▸ What is being asked
In the copy, include no images, and repeat each entry precisely as written.

· · · · ·

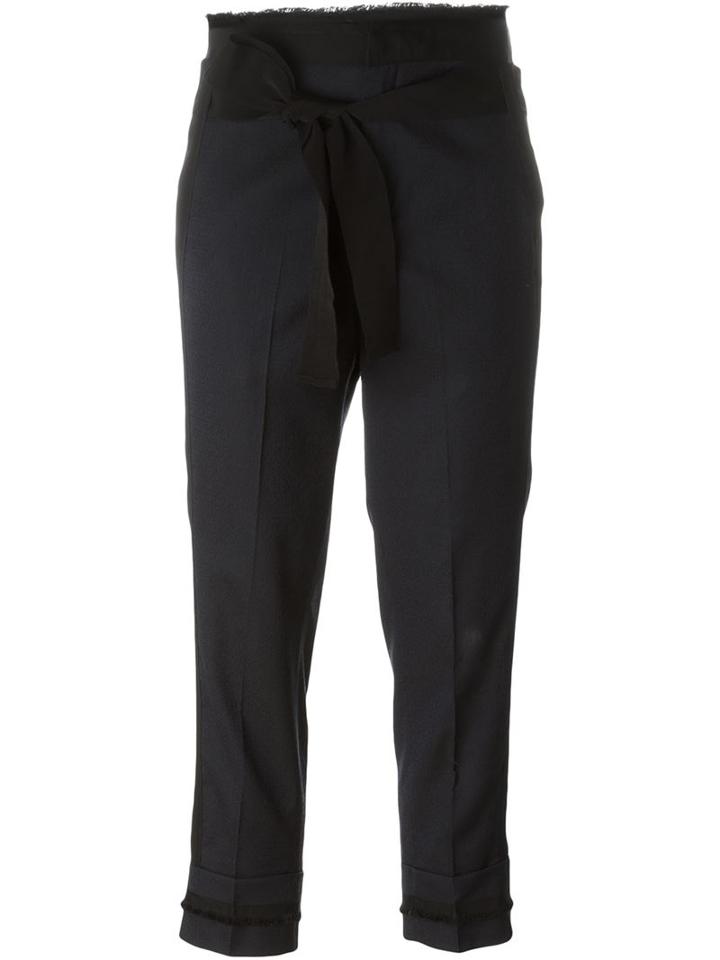 A.f.vandevorst Cropped Jacquard Trousers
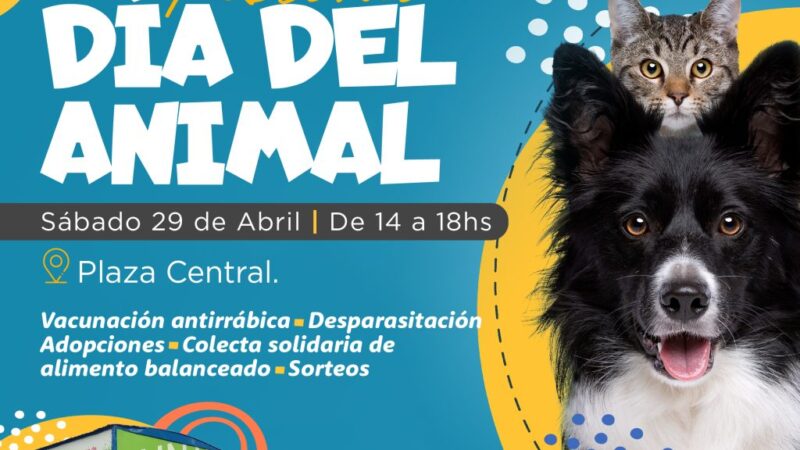 Avellaneda | Celebran el Día del animal en la plaza central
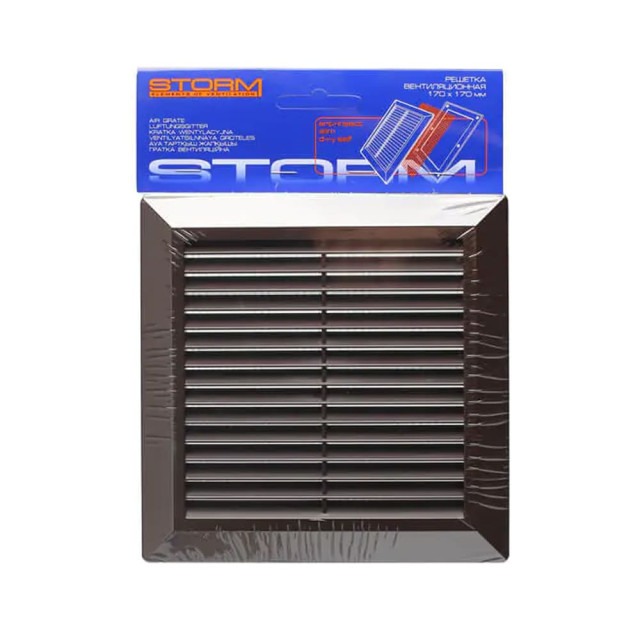 Вентрешетка Storm RS-1717-BR 170*170 мм коричневая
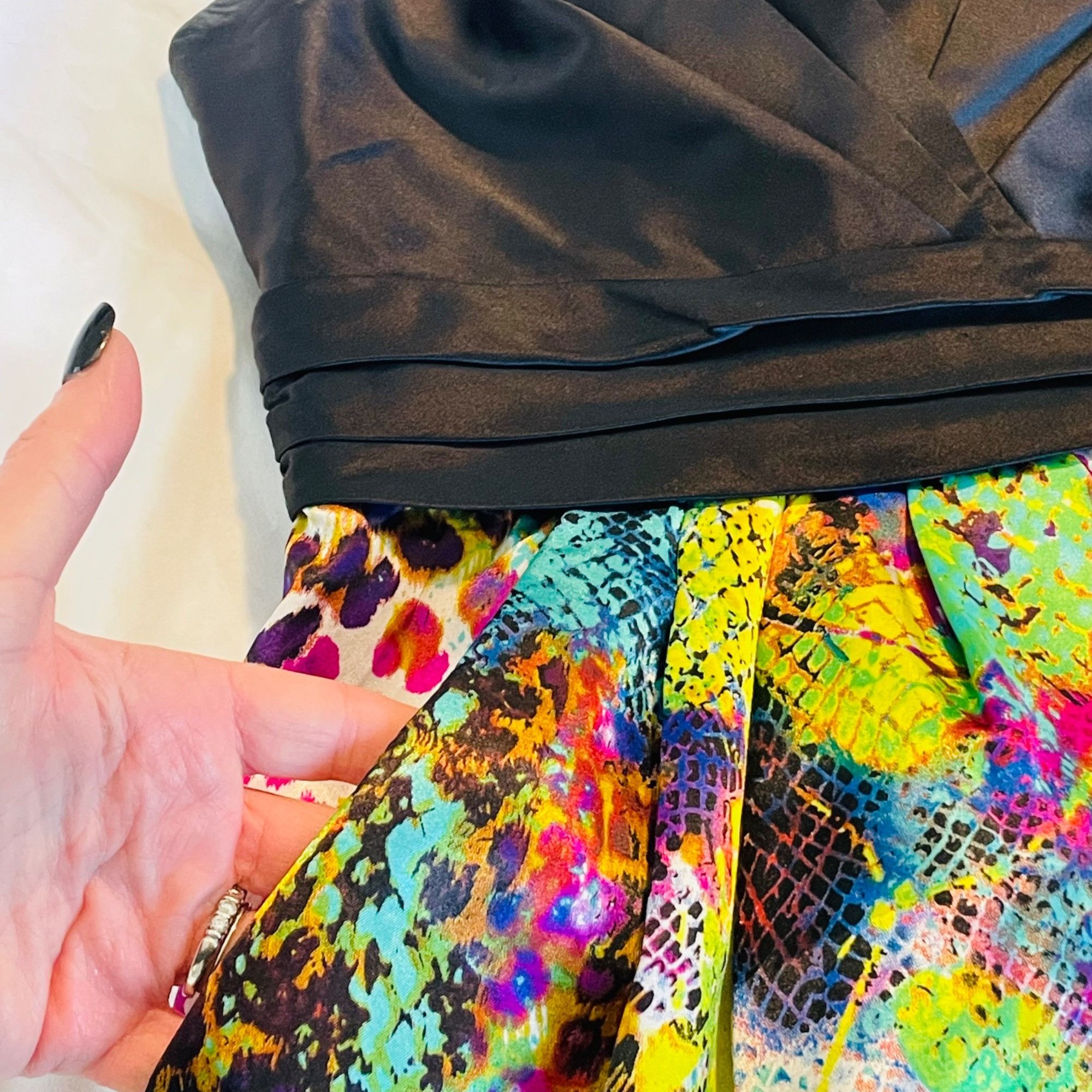 Other Charlotte Strapless Dress With Vibrant Animal Print & Black Size S / US 4 / IT 40 - 11 Thumbnail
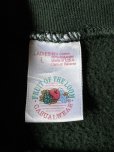 画像13: "FRUIT OF THE LOOM" US製 パッチワークとボタン ディープグリーン スウェット トップス[20270] (13)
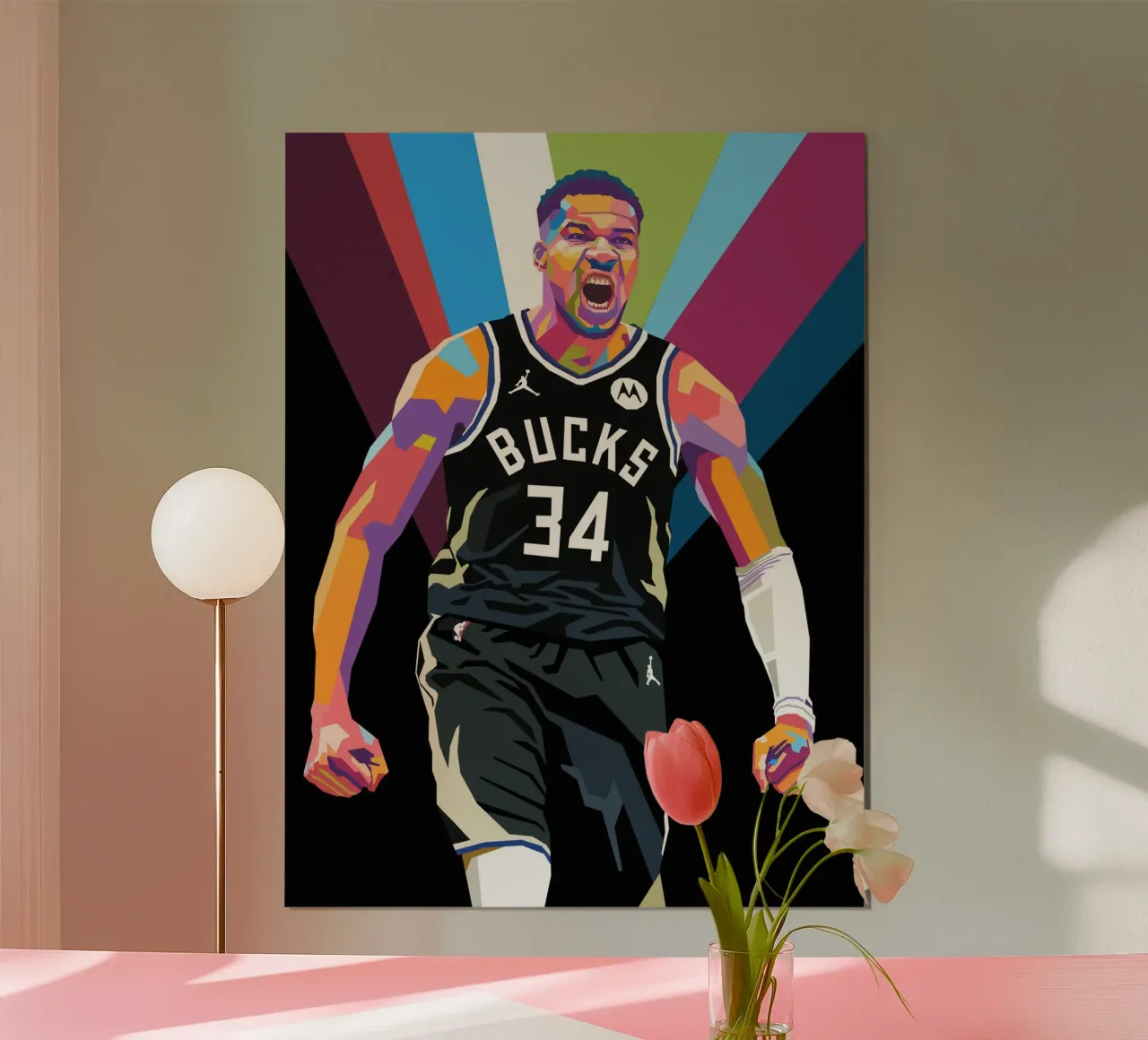 Giannis Antetokounmpo artistic design carta hahnemühle da Hantamrata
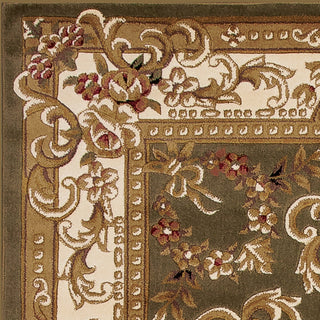 KAS Corinthian 5312 Green/Ivory Aubusson Area Rug Lifestyle Image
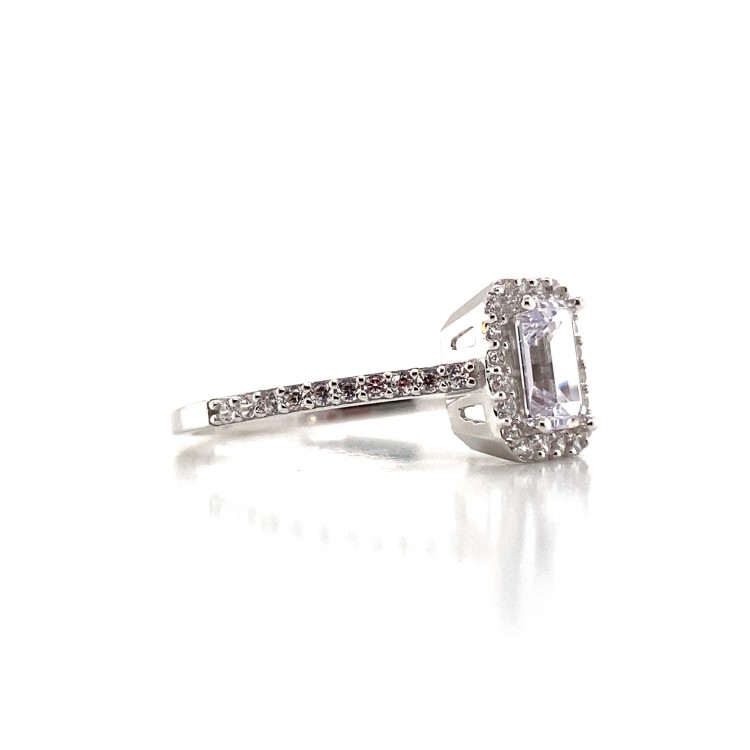 Yanı Taşlı Baget Altın Yüzük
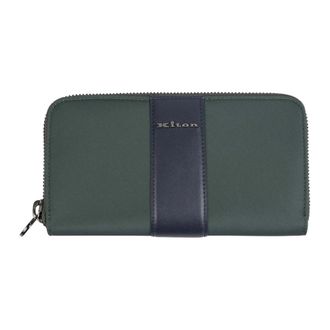 Kiton Wallets & Cardholders, male, Green, Size: ONE SIZE PA PC Leather Wallet
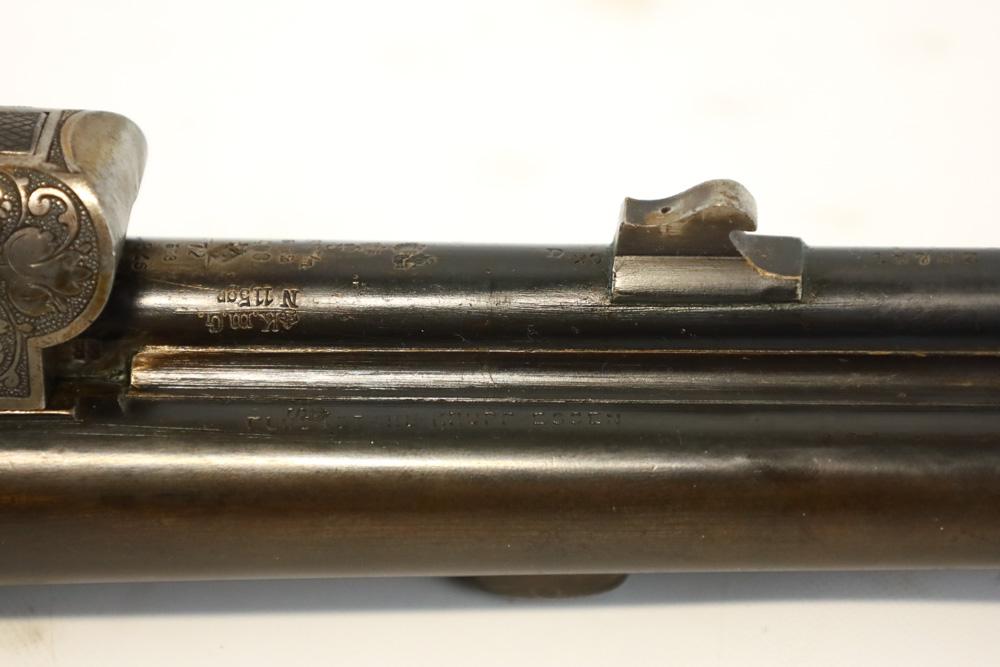 Antique Fine Engraved German Drilling Combo Rifle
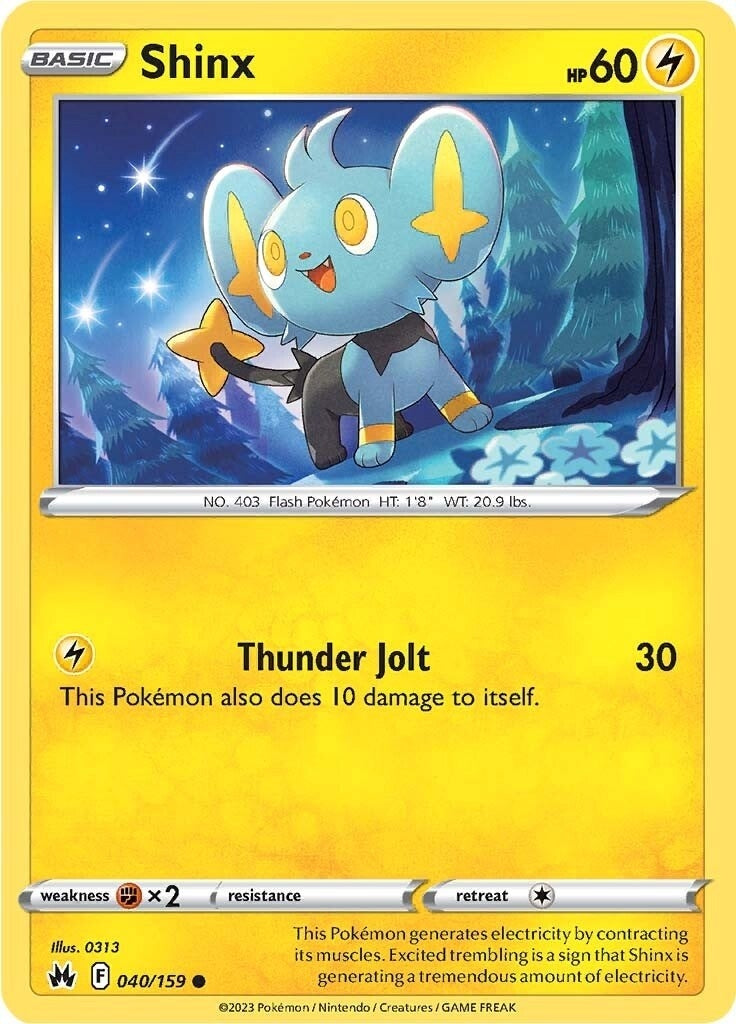 Image for Shinx (40) (040/159) [Crown Zenith] - Pokemon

· · · · ·

▸ Solution to the exercise
 A.f.vandevorst Cropped Jacquard Trousers
 Avellaneda | Celebran el Día del animal en la plaza central
 Вентрешетка Storm RS-1717-BR 170*170 мм коричневая
 Other Charlotte Strapless Dress With Vibrant Animal Print & Black Size S / US 4 / IT 40 - 11 Thumbnail
 画像13: "FRUIT OF THE LOOM" US製 パッチワークとボタン ディープグリーン スウェット トップス[20270] (13)
 Giannis Antetokounmpo artistic design carta hahnemühle da Hantamrata
 KAS Corinthian 5312 Green/Ivory Aubusson Area Rug Lifestyle Image
 Yanı Taşlı Baget Altın Yüzük
 Kiton Wallets & Cardholders, male, Green, Size: ONE SIZE PA PC Leather Wallet
 Antique Fine Engraved German Drilling Combo Rifle
 Image for Shinx (40) (040/159) [Crown Zenith] - Pokemon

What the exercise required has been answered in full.